• Assignment
Reproduce the full listing below exactly. Do not include the pictures.

• Given material
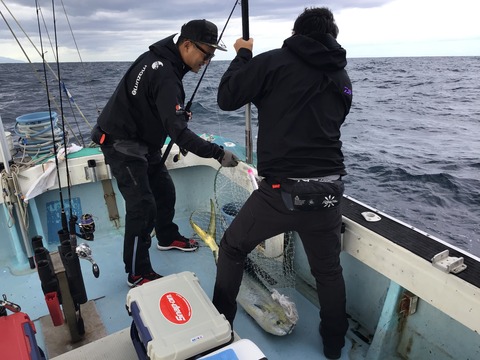 82F399B1-4253-4D03-A8C0-B85A6D7B7244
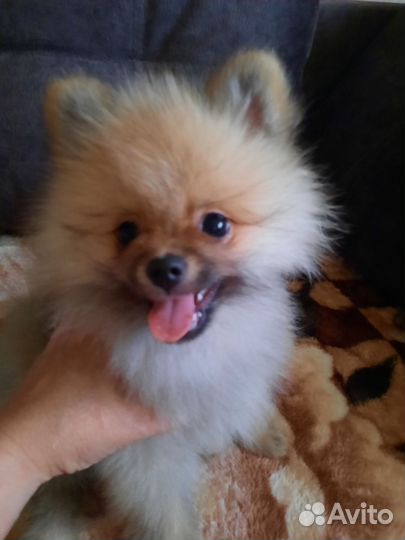 Щенки шпица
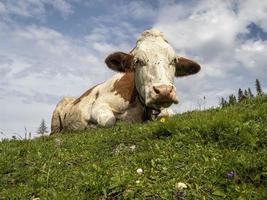 vaca no fundo da montanha de dolomitas foto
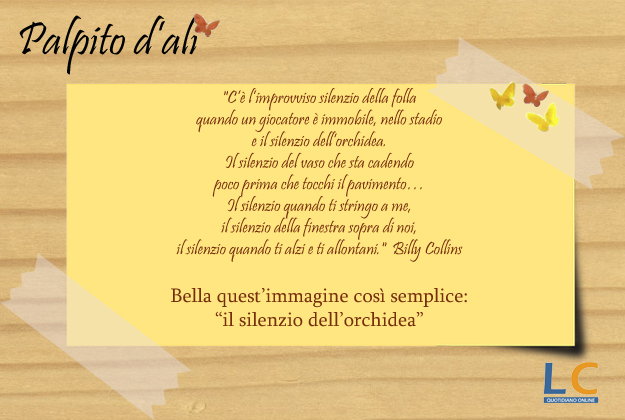 palpito_d_ali_49x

• Solution below
 82F399B1-4253-4D03-A8C0-B85A6D7B7244
 Щенки шпица
 vaca no fundo da montanha de dolomitas foto
 palpito_d_ali_49x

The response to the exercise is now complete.